# Change mouse polling rate in windows 10!



## grandekid (Aug 20, 2017)

Hello! Is there any option to change mouse HZ in windows 10? My mouse has a driver,but i lost the DVD.Thanks!


----------



## jboydgolfer (Aug 20, 2017)

i cant say if its the polling rate, but just like in windows7 you go into Cntrl panel/hardware/mouse/under buttons you can change the click speed, under pointer option you can change the cursor speed.

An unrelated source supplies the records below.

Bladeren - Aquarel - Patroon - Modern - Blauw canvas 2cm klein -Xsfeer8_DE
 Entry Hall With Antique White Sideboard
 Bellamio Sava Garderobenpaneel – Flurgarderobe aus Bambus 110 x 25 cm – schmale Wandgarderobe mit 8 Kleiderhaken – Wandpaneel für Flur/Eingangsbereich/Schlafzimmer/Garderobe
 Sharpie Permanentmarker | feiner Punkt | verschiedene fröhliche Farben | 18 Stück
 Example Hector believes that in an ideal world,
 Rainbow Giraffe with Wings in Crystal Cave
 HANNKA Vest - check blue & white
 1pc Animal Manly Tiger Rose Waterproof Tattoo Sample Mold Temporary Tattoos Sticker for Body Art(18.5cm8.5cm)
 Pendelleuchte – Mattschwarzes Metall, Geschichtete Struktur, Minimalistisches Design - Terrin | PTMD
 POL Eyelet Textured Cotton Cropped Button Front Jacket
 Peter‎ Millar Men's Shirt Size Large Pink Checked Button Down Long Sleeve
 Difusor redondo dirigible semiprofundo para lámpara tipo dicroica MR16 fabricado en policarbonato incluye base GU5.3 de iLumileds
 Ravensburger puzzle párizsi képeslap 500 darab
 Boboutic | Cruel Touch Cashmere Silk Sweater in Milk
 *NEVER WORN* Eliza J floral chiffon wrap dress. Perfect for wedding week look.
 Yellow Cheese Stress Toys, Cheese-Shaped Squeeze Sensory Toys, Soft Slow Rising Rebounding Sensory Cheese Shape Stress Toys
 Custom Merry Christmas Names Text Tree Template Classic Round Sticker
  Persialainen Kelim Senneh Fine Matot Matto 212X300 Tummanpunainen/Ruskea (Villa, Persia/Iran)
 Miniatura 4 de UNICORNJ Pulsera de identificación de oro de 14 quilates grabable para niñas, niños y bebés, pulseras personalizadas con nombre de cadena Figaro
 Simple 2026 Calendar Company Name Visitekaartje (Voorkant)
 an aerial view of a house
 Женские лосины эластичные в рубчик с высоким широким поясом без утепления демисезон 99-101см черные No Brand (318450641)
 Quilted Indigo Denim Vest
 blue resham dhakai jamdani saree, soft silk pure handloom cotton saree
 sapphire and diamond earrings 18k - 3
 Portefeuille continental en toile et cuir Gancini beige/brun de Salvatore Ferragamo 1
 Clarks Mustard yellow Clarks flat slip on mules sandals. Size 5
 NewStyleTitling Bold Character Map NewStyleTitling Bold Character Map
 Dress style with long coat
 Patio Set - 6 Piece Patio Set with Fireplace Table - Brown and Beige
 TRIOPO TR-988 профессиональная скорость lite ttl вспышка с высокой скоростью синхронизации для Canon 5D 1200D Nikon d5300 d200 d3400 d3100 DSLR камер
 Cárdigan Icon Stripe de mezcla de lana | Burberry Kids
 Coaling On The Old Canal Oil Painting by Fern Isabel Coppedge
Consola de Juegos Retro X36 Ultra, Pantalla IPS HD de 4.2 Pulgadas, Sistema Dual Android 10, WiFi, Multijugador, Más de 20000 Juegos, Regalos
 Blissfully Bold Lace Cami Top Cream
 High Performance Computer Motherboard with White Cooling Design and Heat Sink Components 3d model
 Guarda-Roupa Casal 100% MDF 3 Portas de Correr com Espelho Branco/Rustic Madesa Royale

*if you lost the driver, just go to the site for your mouse, and DL it. if you need help, post the brand & model here, & i or someone will find the driver for it im sure*


----------



## grandekid (Aug 20, 2017)

Thanks!
I have searched the driver for my mouse but its kinda "Chinese".TURBOX-GM200


----------



## jboydgolfer (Aug 20, 2017)

yeah thats a weird one. sorry no luck finding anything

 All the results I find for that are in Greek ,  but even when I translated to English I still can't find a driver at least not a safe source

*you can email support for the driver...i read the manual and this is their contact info*

tech_support@plaisio.gr

@grandekid


----------



## silentbogo (Aug 20, 2017)

I can only find Turbo-X GM200 in greek online stores, and there probably is no manufacturer website.
Why do you want to increase the polling rate? Is it not responsive enough?
There are some workarounds with third-party HID drivers, but I wouldn't do that unless your mouse is absolutely unbearable.
Even if you have slightly unresponsive or jittery movement, it's still most likely an optical sensor or dirty lens problem. 
My old Logitech G5 does 500Hz with a standard USB HID driver and I have zero issues in games or anything else. I haven't checked my collection of Chinese mice, but I'm kind of confident that they run at 500Hz by default too.


----------



## jboydgolfer (Aug 20, 2017)

*you can email support for the driver...i read the manual and this is their contact info*

tech_support@plaisio.gr

@grandekid


----------



## blobster21 (Aug 20, 2017)

Use HIDUSBF to increasing your mouse polling rate :

http://www.overclock.net/t/1597441/digitally-signed-sweetlow-1000hz-mouse-driver/610

The driver is digitally signed to work with windows 10. You will find the download link in post #618 there


----------



## eidairaman1 (Aug 20, 2017)

Rule of thumb, save up money and don't buy knockoffs


----------



## grandekid (Aug 21, 2017)

Thanks all for replying. I emailed them but they cant seem to help a long time ago! Thank you all again, i will look into this further!


----------